Note You'll need to change the path part (i.e. Desktop/foobar.json) as necessary.
On line 2 we parse the contents using the JSON Helper plug-in. This assigns each item of the source JSON Array to a new AppleScript list. The resultant AppleScript list is assigned to a variable named myList.
Solution 2:
By utilizing tools built-in to macOS as standard, you can also do the following via AppleScript. This assumes that your JSON file is valid and contains a single Array only:
set TID to AppleScript's text item delimiters
set AppleScript's text item delimiters to ","
set myList to text items of (do shell script "tr ''\\\\n\\\\r'' ' ' <~/Desktop/foobar.json | sed 's/^ *\\[ *\"//; s/ *\" *\\] *$//; s/\" *, *\"/,/g;'")
set AppleScript's text item delimiters to TID
Note: you'll need to change the path part (i.e. ~/Desktop/foobar.json) as necessary.
Also, if your .json filename includes a space(s) you'll need to escape them with \\. For instance ~/Desktop/foo\\ bar.json
Explanation:
On line 1 AppleScript's current text item delimiters are assigned to a variable named TID.
On line 2 AppleScript's text item delimiters are set to a comma - this will help when extracting each individual value from the source JSON Array and assigning each value to a new AppleScript list.

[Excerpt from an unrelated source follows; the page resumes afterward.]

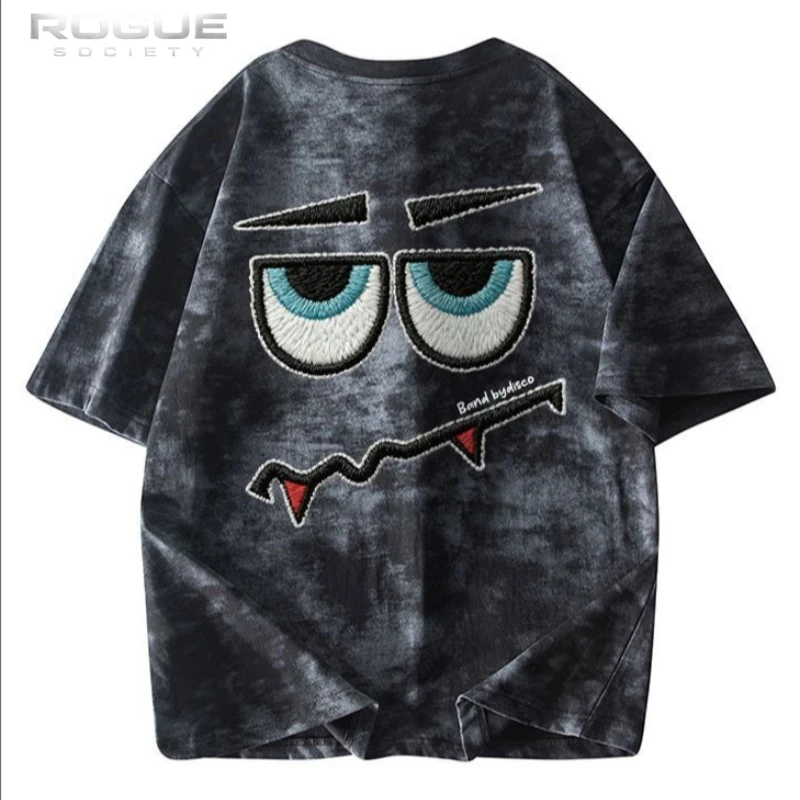 American Retro Wash T-Shirt Men Cartoon Embroidery Short Sleeve Tops Male Y2K Harajuku Style Casual Loose Streetwear Tees Unisex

On line 3 a shell script is executed via the do shell script command, which performs the following:
Reads the content of the source .json file via the part which reads ~/Desktop/foobar.json. This path currently assumes the file is named foobar.json and resides in your Desktop folder (You'll need to change this path to wherever your actual file exists).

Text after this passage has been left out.